Generally, there are several potential techniques to reduce the complexity of AI models, including weight quantization [
3,
4,
5,
6,
7], network pruning [
8,
9,
10,
11,
12], transfer learning [
13,
14], the input image resizing [
15,
16], well-designed model architecture [
17], and so on. In deep AI models, weights are typically represented as 32-bit floating-point numbers, which require a large amount of memory. Weight quantization allows us to represent weights using fewer bits, reducing the memory requirements. For example, converting a 32-bit floating-point weight to an 8-bit integer weight reduces the memory size by a factor of 4. The researchers have presented post-training weight quantization, which involves quantizing the weights of a pre-trained model after it has been trained [
2,
18], so there is no need for retraining, making it convenient to use. In contrast, the researchers [
3,
6,
7,
19] present quantization-aware training, which involves quantizing the weights of AI models during training, taking into account the quantization constraints during the optimization process.
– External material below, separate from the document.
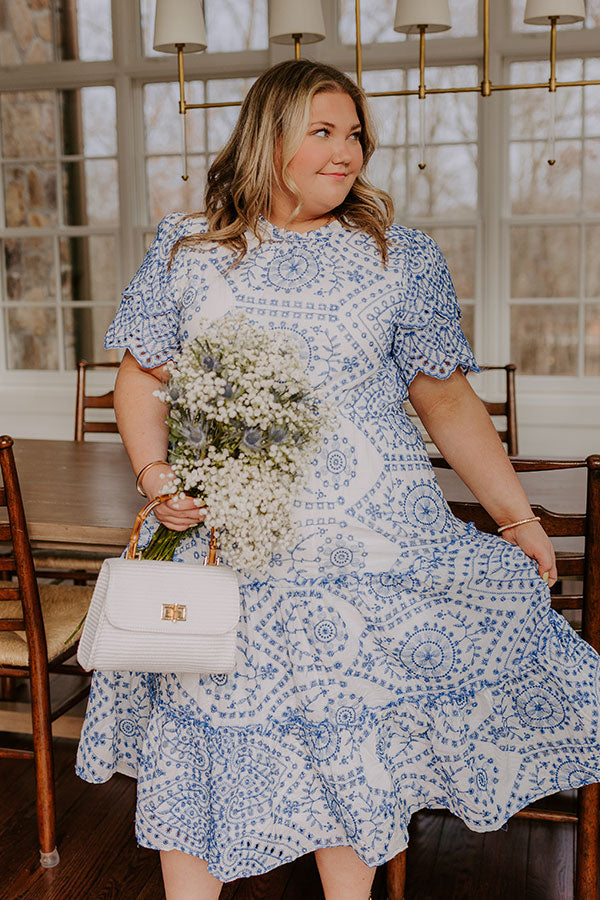 Brunch and Bubbly Eyelet Midi Curves Image - 2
Training-aware quantization can result in more accurate quantization and reduced accuracy loss, since it allows the model to adapt and learn to perform effectively with quantized weights and activations. During quantization-aware training, additional techniques can be applied to improve the performance of the quantized model. For example, techniques like precision scaling, where different layers are assigned different bit precisions, can be employed to optimize the model’s accuracy and efficiency further. Furthermore, post-training quantization often requires an additional calibration step to determine optimal quantization parameters for each layer. This calibration process can be time-consuming. In contrast, quantization-aware training avoids the need for post-training calibration by incorporating the quantization process directly into the training phase. Both post-training quantization and quantization-aware training typically use linear quantization, while the weight distribution of well-trained neural network models is often non-linear.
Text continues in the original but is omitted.